Jeremy actually believed him. Grégoire was a monster, but a sneaky one. Probably not a murderer. At least, not face-to-face. Murder left a mark on a man that he recognized, even if the death happened on a battlefield.
He looked down at the pistol. “What the hell are you thinking, keeping a loaded gun in the castle?”
“This book says that men lose their senses when they hear a shot,”
Grégoire said, pointing. “If I shoot that pistol, you’ll fall into a state. I’ll prove to you that it would be immoral to marry.”
Jeremy almost scoffed at him, but there was just enough of a question in his own mind . . . “If I became violent, I could injure you,” he pointed out.
Kill him, more likely.
“I’ll duck behind the screen,” Grégoire said, pointing to a tall screen just by the window, designed to hide a chamber pot. “You won’t know I’m here. Remember, you won’t be yourself.”
“Then how will I know what happened?”
“We could summon a witness.”
“We’ll have a hundred. You’re talking about shooting a pistol in the middle of the night.”
“Obviously I would shoot out the window,” Grégoire said. “You can shoot the weapon yourself, if you prefer.”
“I do prefer,” Jeremy said. An “accidental” death might be within Grégoire’s capabilities.
“If others hear the shot and join us, it will simply prove my point, won’t it?” Grégoire moved over to the sideboard. “I need something to steady my nerves. Whisky?”
The man was hoping to befuddle him. Jeremy was growing more curious about this demonstration by the second. Men had committed murder for the title of squire, let alone marquess.
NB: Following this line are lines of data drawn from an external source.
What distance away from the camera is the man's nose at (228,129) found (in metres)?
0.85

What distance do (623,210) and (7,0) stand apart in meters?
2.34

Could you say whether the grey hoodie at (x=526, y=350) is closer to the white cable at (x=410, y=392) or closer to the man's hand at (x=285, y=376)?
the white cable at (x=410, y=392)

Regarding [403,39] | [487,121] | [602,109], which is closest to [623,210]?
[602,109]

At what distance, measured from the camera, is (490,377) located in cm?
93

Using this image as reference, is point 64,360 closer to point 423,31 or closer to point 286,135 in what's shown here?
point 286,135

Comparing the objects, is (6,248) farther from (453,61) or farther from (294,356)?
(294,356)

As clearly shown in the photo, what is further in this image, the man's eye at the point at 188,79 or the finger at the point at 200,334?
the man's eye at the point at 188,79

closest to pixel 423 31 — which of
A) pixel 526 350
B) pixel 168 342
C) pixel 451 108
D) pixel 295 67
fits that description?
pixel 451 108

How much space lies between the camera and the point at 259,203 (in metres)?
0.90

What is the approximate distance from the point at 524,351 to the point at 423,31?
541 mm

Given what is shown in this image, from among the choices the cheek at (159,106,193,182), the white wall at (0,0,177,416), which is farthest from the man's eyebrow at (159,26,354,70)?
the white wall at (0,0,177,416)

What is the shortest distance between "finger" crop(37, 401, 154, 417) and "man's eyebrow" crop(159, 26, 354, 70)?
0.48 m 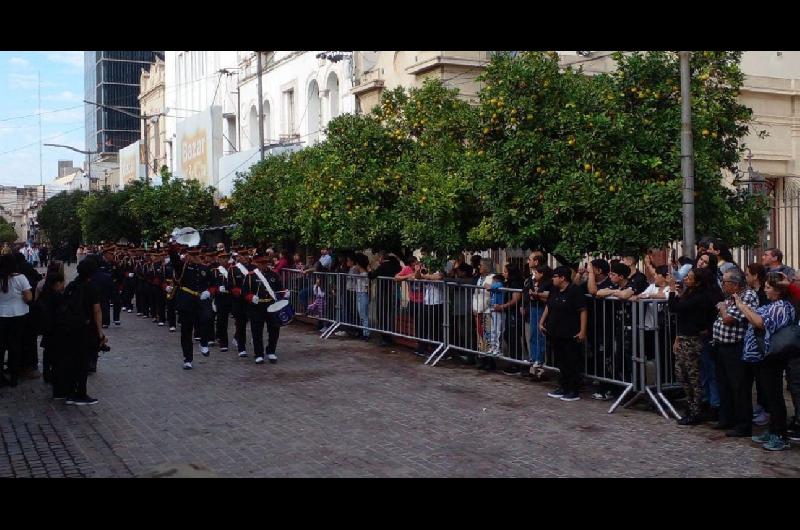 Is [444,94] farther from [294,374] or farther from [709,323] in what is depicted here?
[709,323]

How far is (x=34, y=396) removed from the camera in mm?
11391

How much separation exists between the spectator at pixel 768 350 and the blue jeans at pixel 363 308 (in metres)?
9.18

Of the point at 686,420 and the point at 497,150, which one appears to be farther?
the point at 497,150

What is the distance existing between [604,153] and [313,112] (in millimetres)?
22730

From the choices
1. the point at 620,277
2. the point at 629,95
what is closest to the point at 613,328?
the point at 620,277

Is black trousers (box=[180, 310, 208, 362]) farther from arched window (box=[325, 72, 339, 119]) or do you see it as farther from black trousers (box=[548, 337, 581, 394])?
arched window (box=[325, 72, 339, 119])

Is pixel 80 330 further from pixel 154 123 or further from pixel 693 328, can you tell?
pixel 154 123

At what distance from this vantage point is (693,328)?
930cm

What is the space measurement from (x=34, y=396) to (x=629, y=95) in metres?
9.02

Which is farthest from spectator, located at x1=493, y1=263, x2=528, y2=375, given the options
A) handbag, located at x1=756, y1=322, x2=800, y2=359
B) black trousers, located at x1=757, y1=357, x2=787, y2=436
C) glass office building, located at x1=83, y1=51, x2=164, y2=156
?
glass office building, located at x1=83, y1=51, x2=164, y2=156

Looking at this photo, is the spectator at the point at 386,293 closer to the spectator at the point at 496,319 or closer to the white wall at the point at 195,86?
the spectator at the point at 496,319

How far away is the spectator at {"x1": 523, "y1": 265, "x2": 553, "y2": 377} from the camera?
466 inches

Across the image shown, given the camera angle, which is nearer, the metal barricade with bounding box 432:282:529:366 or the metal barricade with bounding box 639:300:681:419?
the metal barricade with bounding box 639:300:681:419

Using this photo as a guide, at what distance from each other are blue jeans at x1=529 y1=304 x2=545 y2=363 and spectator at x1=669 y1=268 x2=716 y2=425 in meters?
2.70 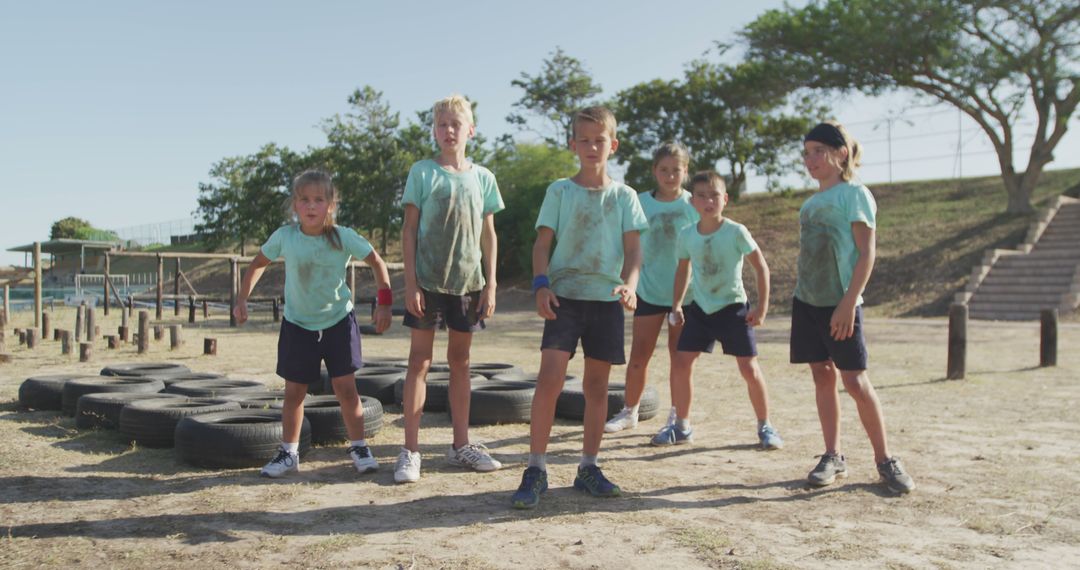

Grégoire handed him a glass of whisky.
Jeremy tossed it back with a silent apology to Lady Knowe. Grégoire obviously didn’t know that he was unaffected by whisky, whereas Grégoire had been notorious at Oxford for his inability to hold his liquor.
He poured himself another glass and refilled Grégoire’s as well. “Shall we drink to my marriage?” And, meeting Grégoire’s stony gaze, “No?”
“To the gods of war,” Grégoire said, drinking.
Jeremy didn’t join him, as those particular gods were no friends of his. “You surprise me,” he observed. “Those gods surely failed you when I returned safe and sound.”
“You may be safe, but sound?” Grégoire’s smile flickered like a serpent’s tongue. “Let’s drink to the exquisite Lady Boadicea.” The ghost of a French accent hung around Grégoire’s vowels; the whisky was already affecting him.